先日のM39のブログに続いて、またしてもフィンランド・ モシンナガンの話になるのですが、またしても気になっちゃったところが見つかりました。
これですコレコレ、M91です。 帝政ロシア時代のモシンナガンにフィンランドが手を加えた……という流れの銃ですね。
東京店の在庫の2挺を比べてみると、銃身の形状が異なっています。 上の個体は段差がついていて、下はフラットですね。
2挺の刻印を比べてみると、フラットな銃身の個体は1942年製となっており、段差付き銃身の個体は残念ながら分かりやすい製造年の刻印は見られず……。
どうも、段差付きの個体は1926年から1927年までの2年間だけ生産されたそうです。 ゆえにこの個体も1926年か1927年のどちらかです。
フィンランドはモシンナガンをよりヘビー・バレルにしようと計画しましたが、旧来の銃剣に適合させる為に銃口付近を細く絞りました。 それで銃身に段差が付いたわけですね。
さかのぼって第一次世界大戦後、独立を果たしたフィンランド国内にはモシンナガンが21万挺以上残されており、なし崩し的にモシンナガンを小銃として装備しましたが、かなりの数が「ボロボロ」でした。
もともと帝政ロシアの生産精度の悪さも相まって、使用に耐えないモシンナガンがあまりにも多かったため、銃身の交換やストックの載せ替えによってモシンナガンを再生する事業を行いました。 そこで生まれたのが今回のM91です。
(左が段差付きバレルのストック、右がストレート・バレルのストックです)
M91の再生は二次大戦が終わるまで長く続けられており、特徴に幅が出ています。
古い段差付きバレルの個体は、ロシア仕様のスリング・ホールが開いていますが、1942年の個体はフィンランド仕様のスリング・スイベル付きの基部に交換されています。

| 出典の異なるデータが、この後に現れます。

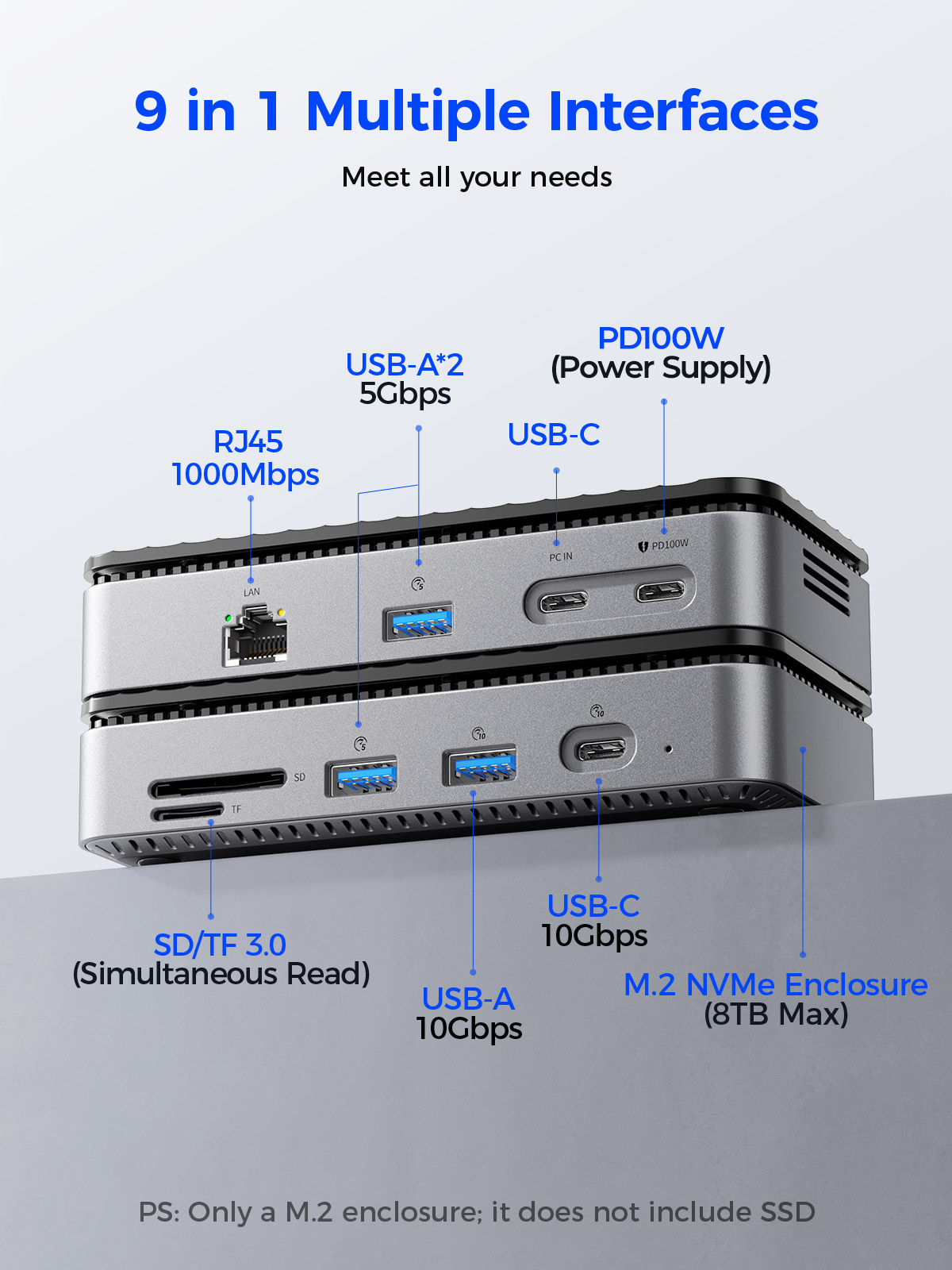 ORICO USB C Display Hub 10Gbps - Esports Gaming Hub avis et prix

フィンランドのモシンナガンについて、衝撃的な事にフィンランドはレシーバーを一切生産していないんですとか!
フィンランド製モシンナガンとされている銃は、あくまで銃身やストックの交換をされたもので、レシーバーはロシア製 (あるいは生産を委託されたアメリカ製) で、タングの裏面を見ると生産された場所が判る……!?
今回の段差付きバレルの個体は1900年のイジェフスク製でした……!
本当にレシーバーを生産しておらず、全て使いまわしがまかなっていたしたら、スゴイ割り切りですよね!!